A thick Celtic mist
John de Falbe
SHADE by Neil Jordan John Murray, £16.99, pp. 317, ISBN 0179561868 Areview copy of Shade comes with two pages of admonitory blurb about what an important film-maker Neil Jordan is. This information might be useful for those with gossip columns to fill but it has no more bearing on the likelihood of this being a good novel than if we were told that the author is big in Morris dancing. Either John Murray is indifferent to reviewers in its new berth at HodderHeadline, or the message is, Don't dare review this badly, pipsqueak, cos we can make sure you never work again ... Then there is this quote from John Banville, Ireland's best writer: 'With this fierce, dark and yet luminous novel, Neil Jordan once again demonstrates that he is one of Ireland's most talented artists.' One can almost hear the clink of glasses.
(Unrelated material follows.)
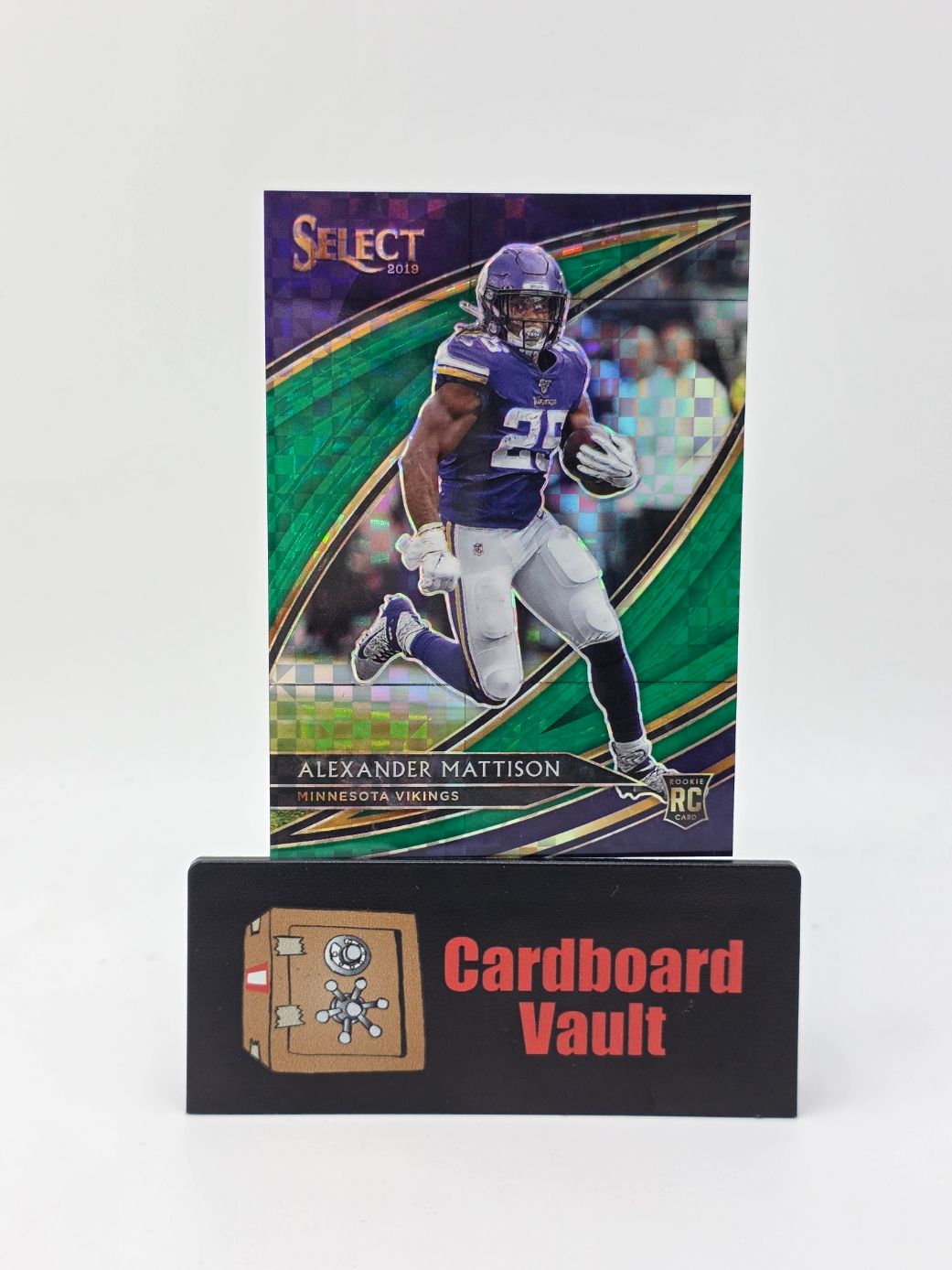 2019 Select Alexander Mattison #284 4/5 Purple and Green Checker Prizm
A point can come in a novel when, no matter what the author does, the reader is irretrievably lost. It happened to me in Shade near the middle, when the characters were grinding through extracts of As You Like It, and I realised I had absolutely no idea why they were doing it, and still less interest. Anyone but a reviewer would have abandoned the book at this stage; I soldiered on. Arriving, weary, at the novel's anticipated denouement, I felt only relief at the description of someone's head being clumsily chopped off with a pair of garden shears. If this reveals a failure on my part, it also suggests one by the author. First into the dock must be the prose. Consider this sentence: circle of dreams, but was asleep himself so couldn't know it, and if the disturbance crept inside me, the unease I would come to know too well, the vacuity, I would console myself with the possibility that I was after all the dream of that unseen Abbot, and that my vacuity was his.
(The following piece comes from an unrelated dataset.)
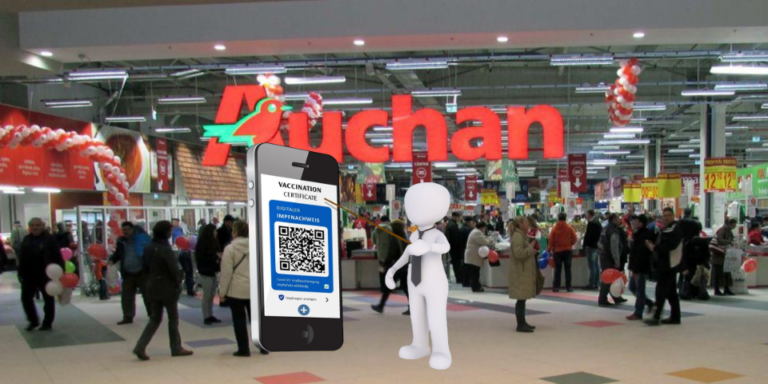 Horror: Auchan introduce magazinul în care este scanat clientul, nu produsul cumpărat. Fără case de marcat, fără coșuri, fără numerar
Ladies and gentlemen of the jury what does it mean? Politicians may use language as an instrument of obfuscation, but a reader of novels may surely expect it to be one of communication? Or this: 'I cannot, she thought, cannot have remembered it all, but the house, clever thing that it was, drew it to her.' Here is a characteristic Jordanian repetition, pointless in itself, which yet draws attention to a phrase that manages to be at once banal, jarring and confused. Apart from inverted commas and question marks where necessary, the arsenal of Jordan's punctuation contains only full stops and commas. These could be adequate if his prose possessed any innate sense of rhythm, but it has none that I can recognise. His attempts to introduce it by crude transpositions, repetitions, and by starting sentences with `And', compound the dreariness.
If Neil Jordan wrote prose as good as Banville's, then I would probably have been captivated by this tale of lost innocence, four children and a ghost or two (three, if you count the dead narrator), playing beside the River Boyne. As it is, it is a dirge. Which brings me back to Banville's baffling claim on the front of Shade. Am I so wrong about the book? Banville is supported on the back, after all, by another distinguished Irish novelist, Patrick McCabe. McCabe declares that the denouement is 'heartbreaking'. It is not. 'Triumphant,' he says. Cheers. The only sense I can make of the assertion that Shade 'confirms Neil Jordan as one of Ireland's greatest artists' is if Banville takes a very dismal view of Irish art.